The U.S. Supreme Court recently decided that a sex discrimination case
brought by female employees against Wal-Mart cannot go forward as a class
action (Wal-Mart v. Dukes). The case has attracted considerable public
attention. It is generally understood as a massive victory for big business.
However, Wal-Mart is not the only recent Supreme Court class action ruling
which represents a giant win for corporate America. On April 27, 2011,
the Court decided AT&T v. Concepcion. The court held that California
consumers could not bring a class action against AT&T for fraudulently
charging them sales tax on “free” phones. The decision in
that case was at least as extreme and harmful to consumers as the Wal-Mart
case, but it has received comparatively little attention.
AT&T began when Vincent and Liza Concepcion, a California couple, bought
a cell phone plan from AT&T. The plan supposedly included a free phone.
The problem was, the phone really wasn’t free – AT&T charged
them sales tax on the retail price of the phone. The Concepcions then
sued in California federal court. Their case was then consolidated into
a class action. That class action, not surprisingly, charged AT&T
with fraud and false advertising for charging sales tax on “free” phones.
AT&T’s response was straight out of the corporate playbook: it
trotted out the fine print in the Concepcion’s sales contract. That
fine print required disputes to be resolved in private arbitration and
prohibited class actions. AT&T then argued that the case could only
be decided through an individual and private arbitration.
The federal trial court and appeals court didn’t buy AT&T’s
argument. Both concluded that the arbitration provision was so unfair
under the circumstances (“unconscionable,” to use lawyer speak)
that it could not be upheld under California law. The class action was
permitted to go forward.
AT&T may not have had friends in California, but it did have friends
in Washington. AT&T appealed to the U.S. Supreme Court, arguing that
its arbitration requirements were perfectly acceptable and should be enforced
to thwart a class action. The Supreme Court agreed.
The Supreme Court’s AT&T decision is like a rotten onion: the
more layers you peel off it, the worse it smells. The court found that
federal law favoring arbitration is so strong that it obliterates the
requirement of basic fairness which has always been part of state law.

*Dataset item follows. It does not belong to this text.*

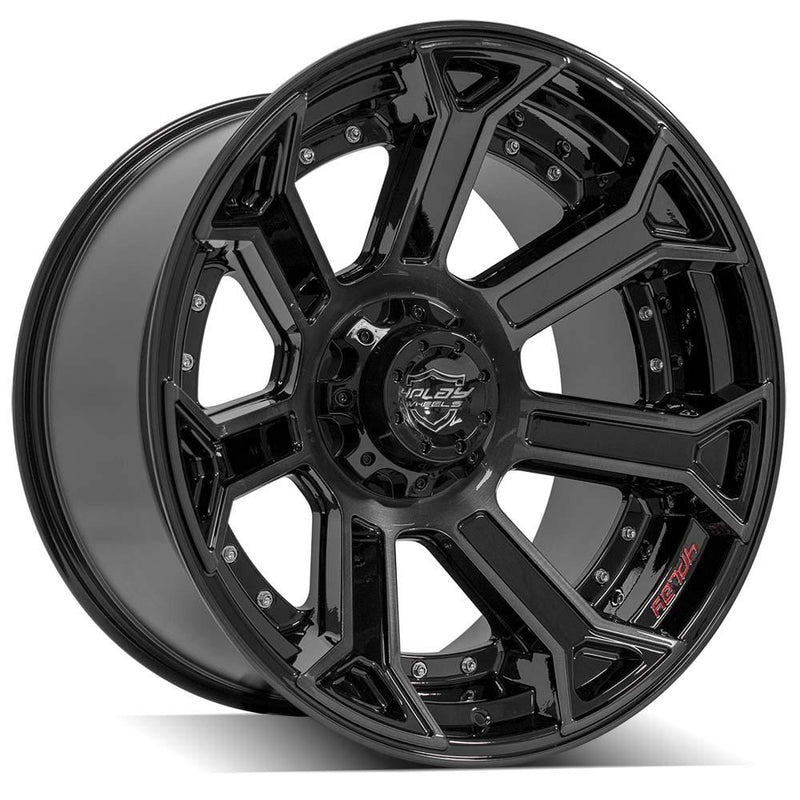 Wheel 4PLAY Gen2 4P70 22x12 6x135mm & 6x5.5in -44et in Brushed Black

According to the court, no state laws should stand in the way of ensuring
“enforcement of arbitration agreements according to their terms.”
Of course, “terms” are whatever lopsided, anti-consumer provisions
AT&T’s legions of attorneys cram into their sales contracts.
But that didn’t bother the court either – it said “the
times in which consumers contracts were anything other than adhesive are
long past.” Translation: consumer contracts have been unfair as
hell for a long time, and we’re not going to do anything about it,
so get over it.
The court then addressed California state law, under which the arbitration
provision was too unfair to be enforced. The court found that no rules
of state law could survive if they “stand as an obstacle”
to federal law favoring arbitration. And any pesky state law giving consumers
minimal safeguards against overreaching, fine-print contracts is “an
obstacle” if it prevents a corporation from dragging a consumer
off to arbitration behind closed doors.
The federal law the Supreme Court relied on for these far-reaching conclusions
was a seemingly innocuous 1925 law called the Federal Arbitration Act.
The Act has long been recognized as placing “arbitration agreements
on an equal footing with other contracts.”
The problem is that the court’s ruling in AT&T does not put arbitration
agreements on “equal footing” with other agreements. It really
enshrines them and makes them untouchable. While other types of contracts
can still be challenged on basic principles of fairness entrenched in
state law, arbitration contracts cannot.
Many states, including Florida, have consumer protection laws that give
one the right to sue for false advertising, bait and switch tactics, and
other bad behavior by merchants and dealers. The AT&T decision opens
the door for corporations to circumvent those laws simply by requiring
disputes to be arbitrated. This may do more harm to consumers in the long
run than anything the Court said in the more publicized Wal-Mart case.